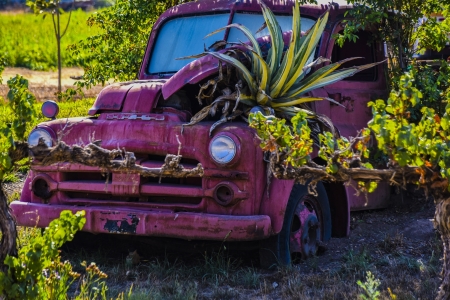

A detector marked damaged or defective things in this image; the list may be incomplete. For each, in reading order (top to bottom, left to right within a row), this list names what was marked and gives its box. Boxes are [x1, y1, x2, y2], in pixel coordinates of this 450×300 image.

rusty pink truck [9, 0, 390, 268]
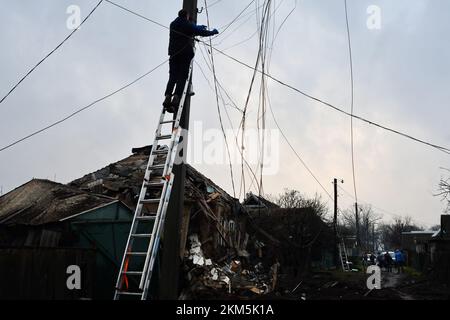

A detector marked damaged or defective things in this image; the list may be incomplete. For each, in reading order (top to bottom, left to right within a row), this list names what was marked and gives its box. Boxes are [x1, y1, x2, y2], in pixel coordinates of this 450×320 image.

damaged house [0, 146, 334, 298]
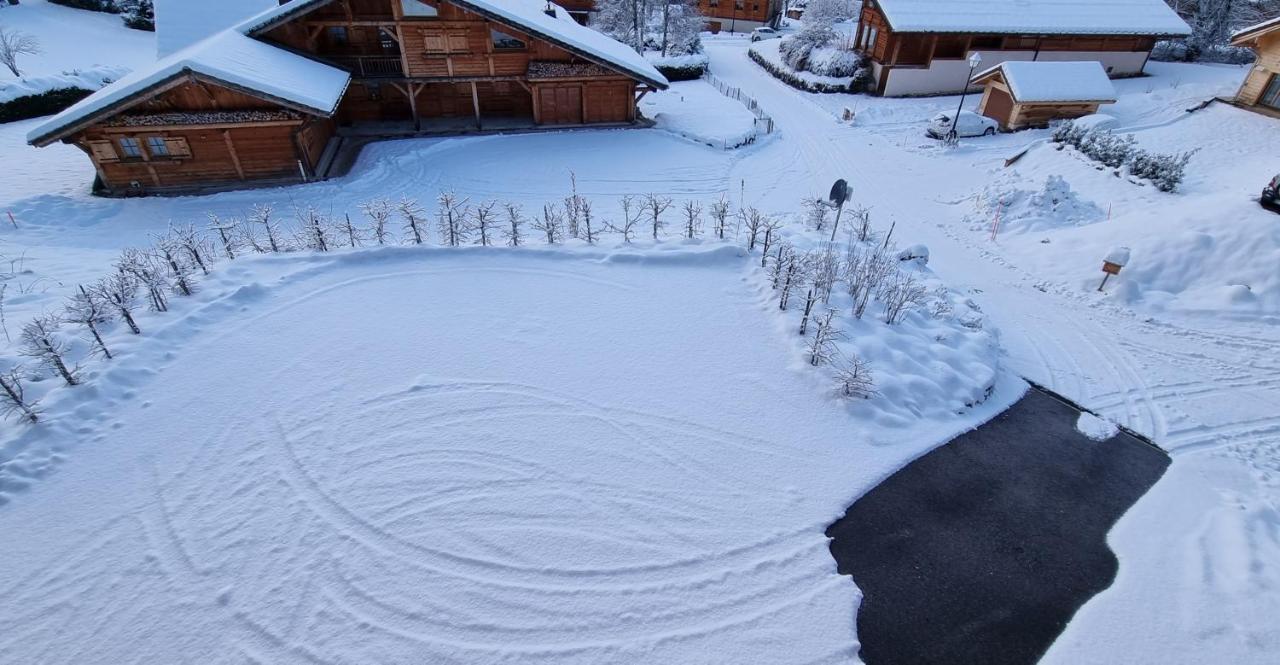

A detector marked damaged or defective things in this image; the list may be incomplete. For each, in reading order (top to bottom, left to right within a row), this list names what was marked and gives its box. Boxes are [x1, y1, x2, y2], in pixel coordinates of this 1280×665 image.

dark asphalt patch [829, 383, 1172, 665]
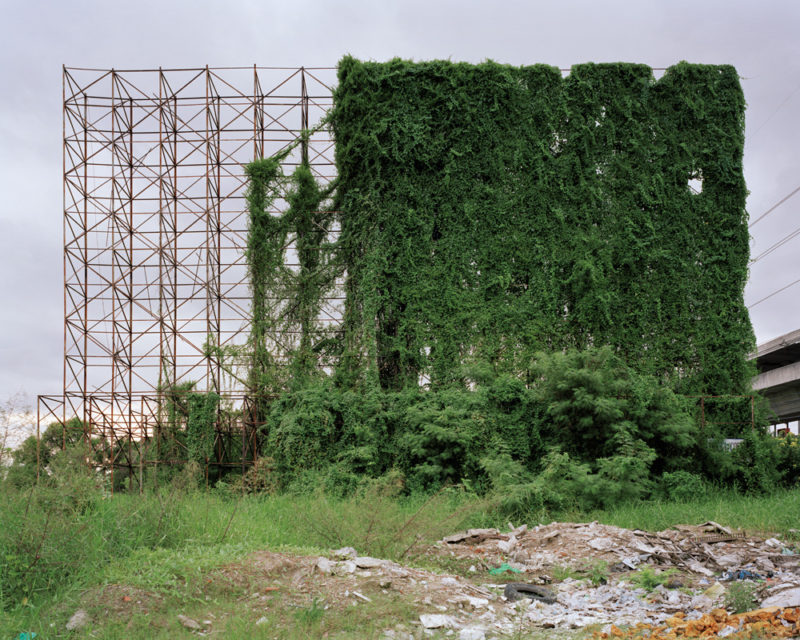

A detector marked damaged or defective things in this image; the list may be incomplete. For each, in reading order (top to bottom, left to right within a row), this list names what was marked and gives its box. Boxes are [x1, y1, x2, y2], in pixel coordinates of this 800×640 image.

rusty metal framework [38, 66, 338, 484]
+ + +
TASK PROMPT — Beginning at the line where "this 800×640 image." appears, extract each line through the end of the data above; keep them exact and include nothing else.

SOLUTION TO THE PROBLEM —
A detector marked damaged or defective things in this image; the list may be incomplete. For each, in reading order (top to bottom, left to right within a row), this list names what was marked and gives its box. Boxes are [x1, y1, x2, y2], in pixel coordinates of this 800×640 image.

rusty metal framework [38, 66, 338, 484]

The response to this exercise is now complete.